Exercise objective: Everything from the line holding "Crochet Leaf Headband, Crochet" to the end of the listing below should be copied exactly, line for line, minus the pictures.

Information provided Block Start

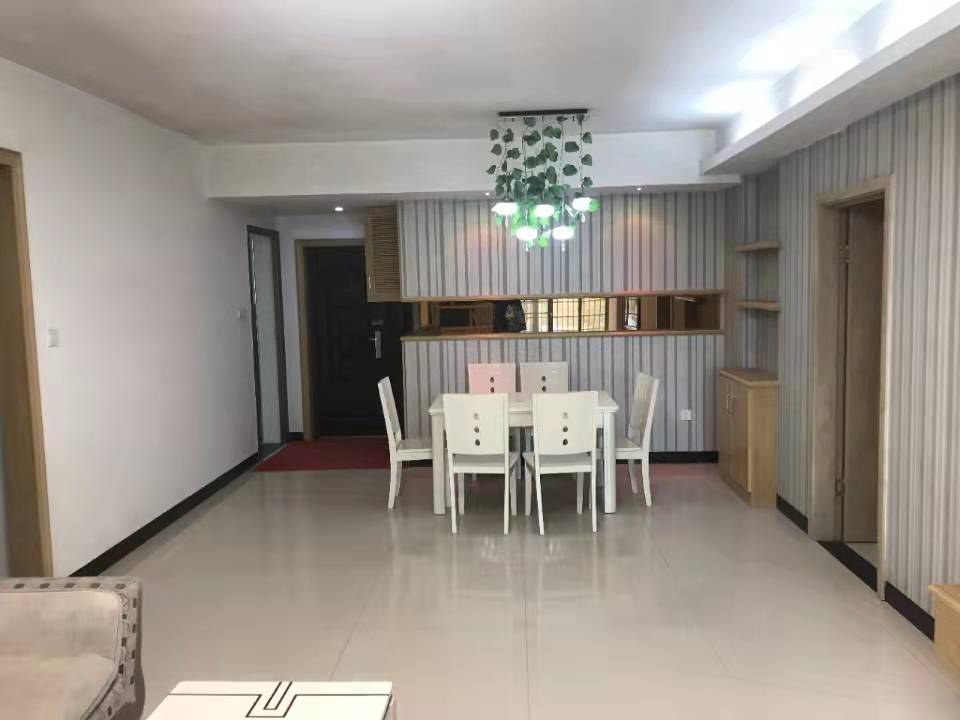 泓泽星城  3室2厅2卫    85.0万 泓泽星城  3室2厅2卫    85.0万客厅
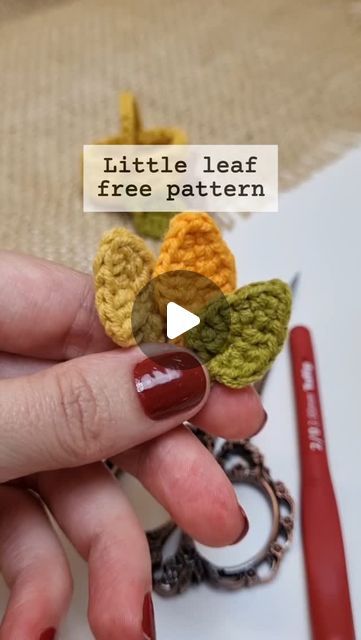 Crochet Leaf Headband, Crochet Leaf Keychain, Crochet Leaf Pattern Free, Crochet Leaves Free Pattern, Crochet Leaf Free Pattern, Crochet Leaf, Crochet Leaf Patterns, Crochet Headbands, Leaves Headband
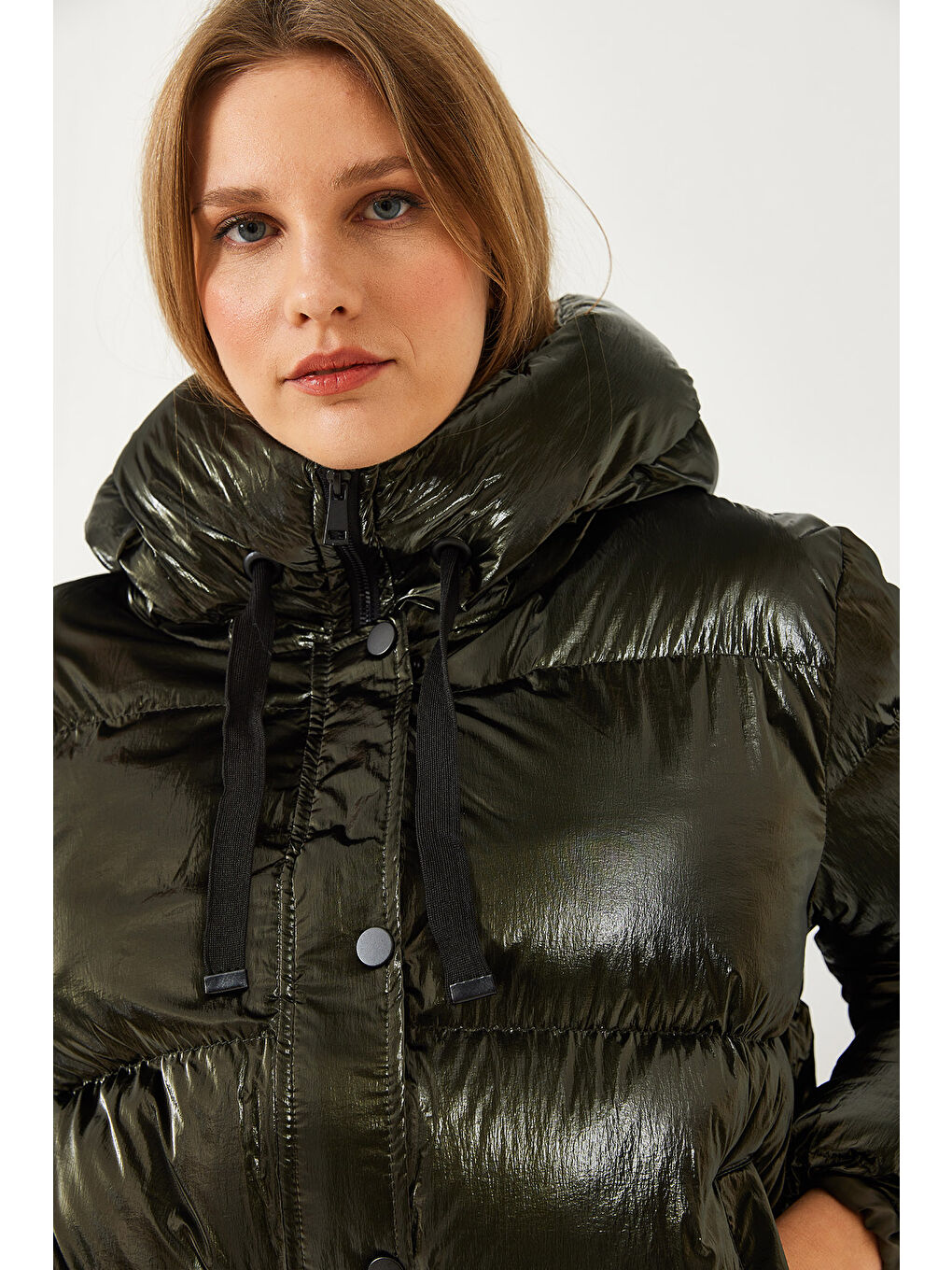 Haki Kadın Kapüşonlu Chine Şişme Mont-5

Information provided Block End

Expected output:
 Crochet Leaf Headband, Crochet Leaf Keychain, Crochet Leaf Pattern Free, Crochet Leaves Free Pattern, Crochet Leaf Free Pattern, Crochet Leaf, Crochet Leaf Patterns, Crochet Headbands, Leaves Headband
 Haki Kadın Kapüşonlu Chine Şişme Mont-5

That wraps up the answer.